#### DATASET EXCERPTS ####

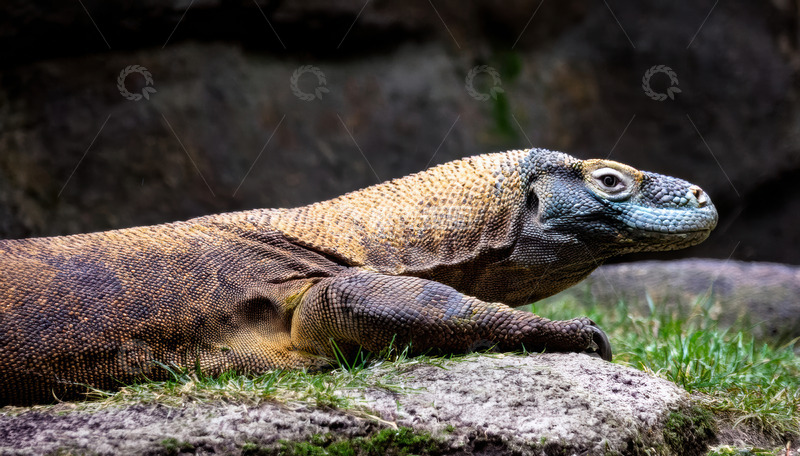 高清大图下载【趣麦麦图】科莫多龙草地静卧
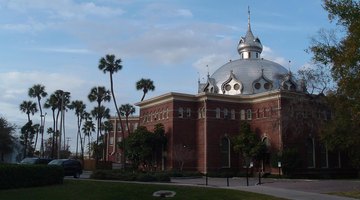 University of Tampa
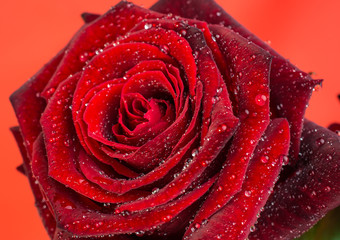 Rose beauty
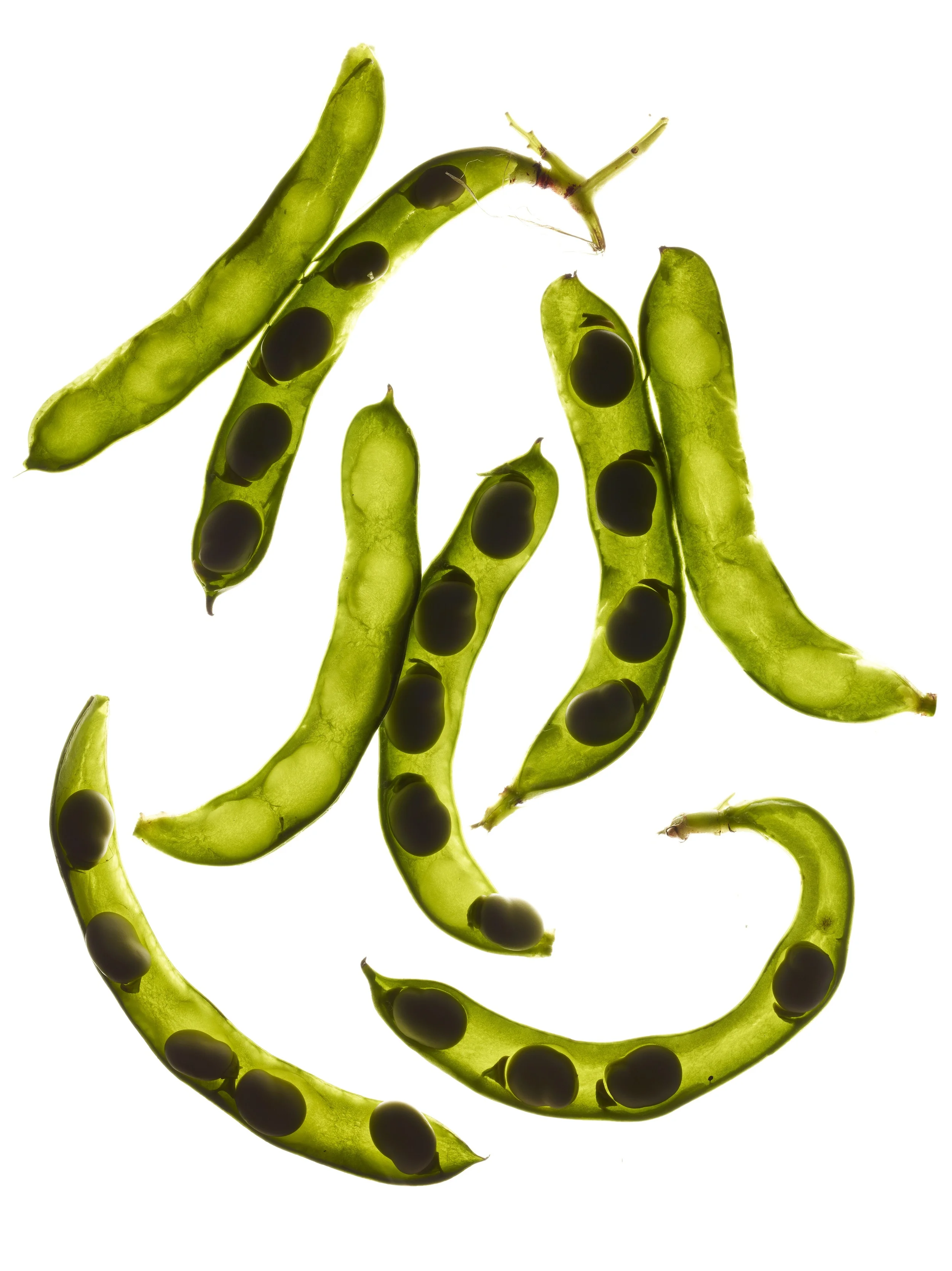 fava_beans copy.jpg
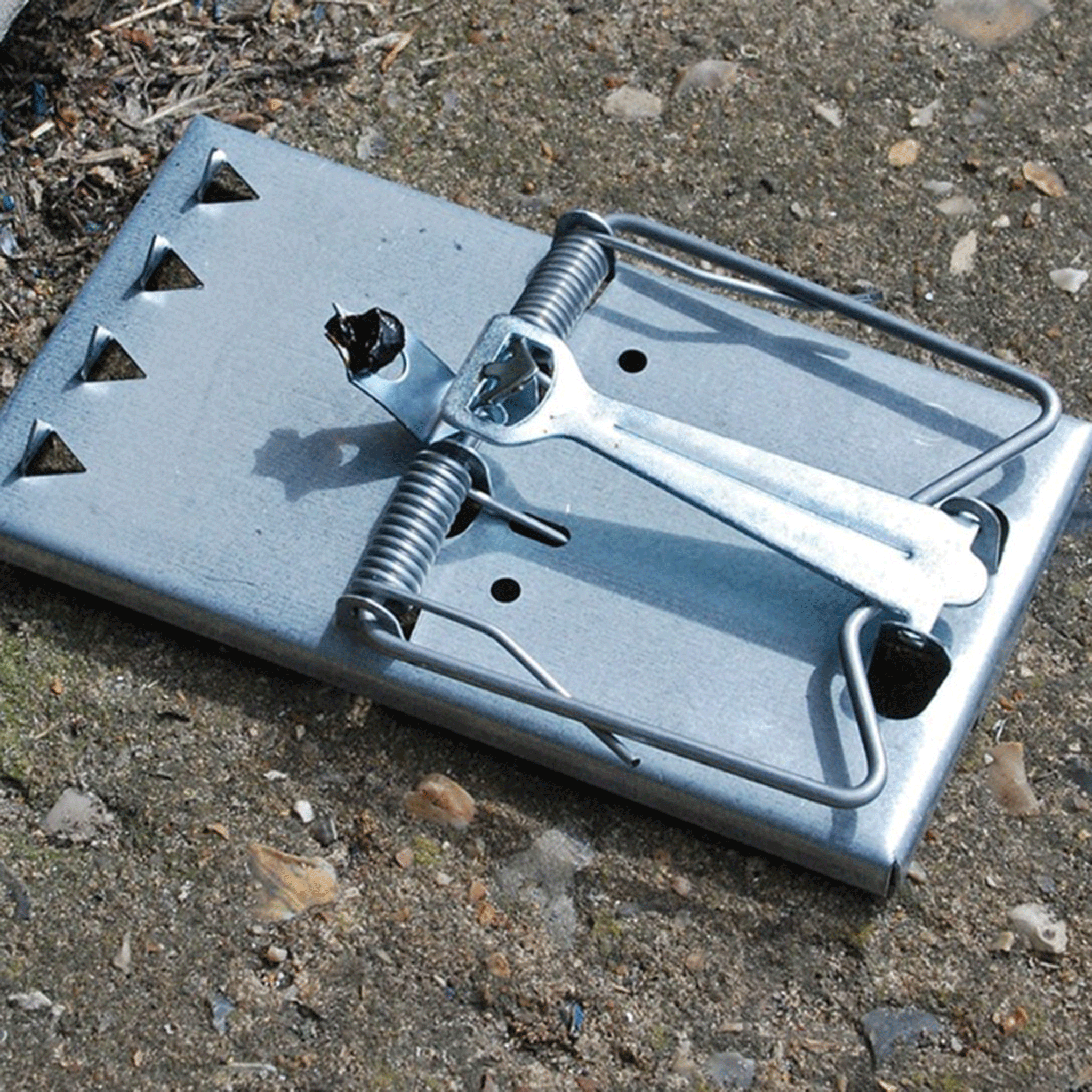 STV Self Set Rat Trap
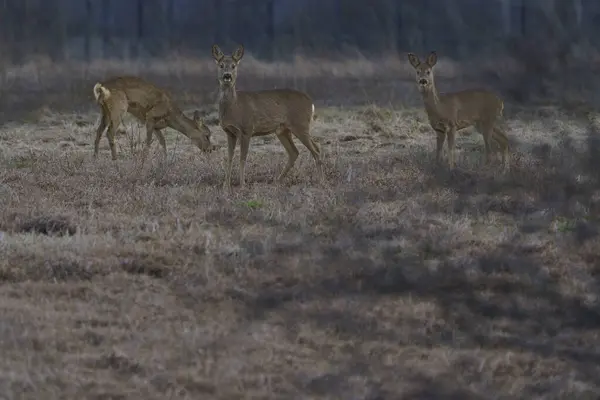 Küçük bir grup yavru geyik ilkbahar otlarının ve çalıların arkasına saklanıp yiyecek arıyorlar..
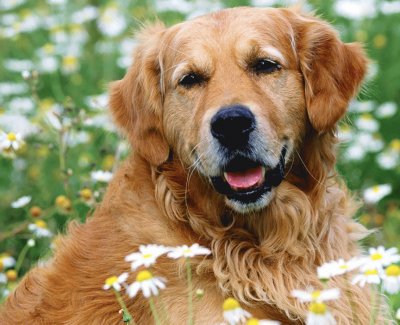 Golden Retriever jigsaw puzzle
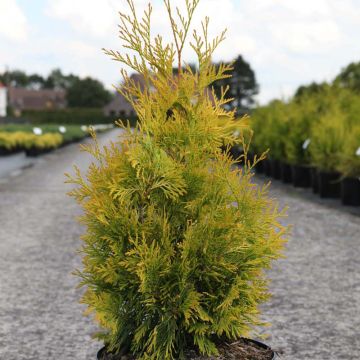 Thuja occidentalis Yellow Ribbon - Westerse levensboom
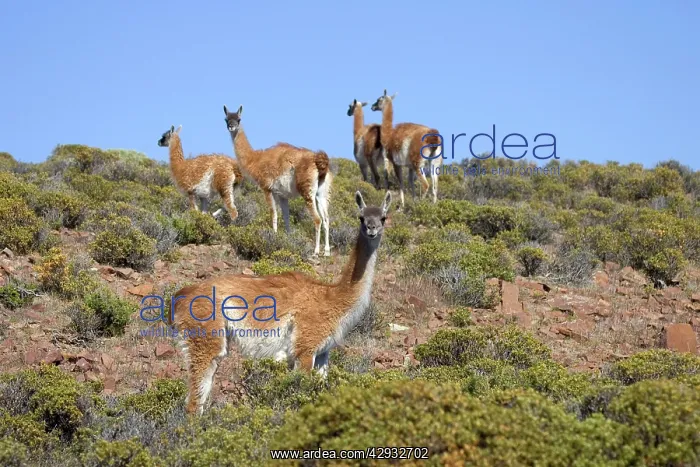 : Guanaco - group : Guanaco - group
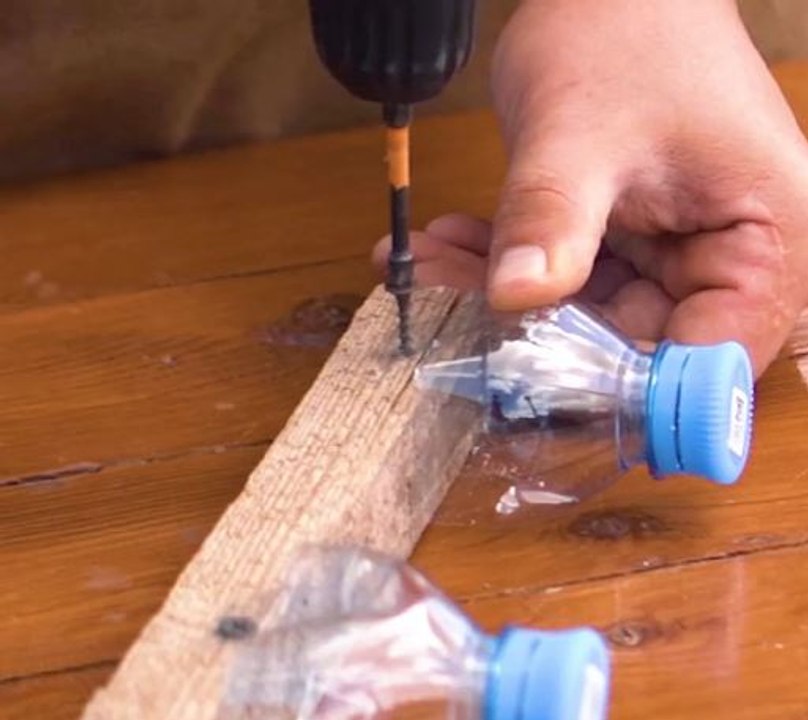 Grow Smart! DIYs for a Greener Garden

####

REQUIRED ACTION »
Return the entries above in full and unchanged, omitting every image.

RESPONSE FOR THIS EXERCISE »
 高清大图下载【趣麦麦图】科莫多龙草地静卧
 University of Tampa
 Rose beauty
 fava_beans copy.jpg
 STV Self Set Rat Trap
 Küçük bir grup yavru geyik ilkbahar otlarının ve çalıların arkasına saklanıp yiyecek arıyorlar..
 Golden Retriever jigsaw puzzle
 Thuja occidentalis Yellow Ribbon - Westerse levensboom
 : Guanaco - group : Guanaco - group
 Grow Smart! DIYs for a Greener Garden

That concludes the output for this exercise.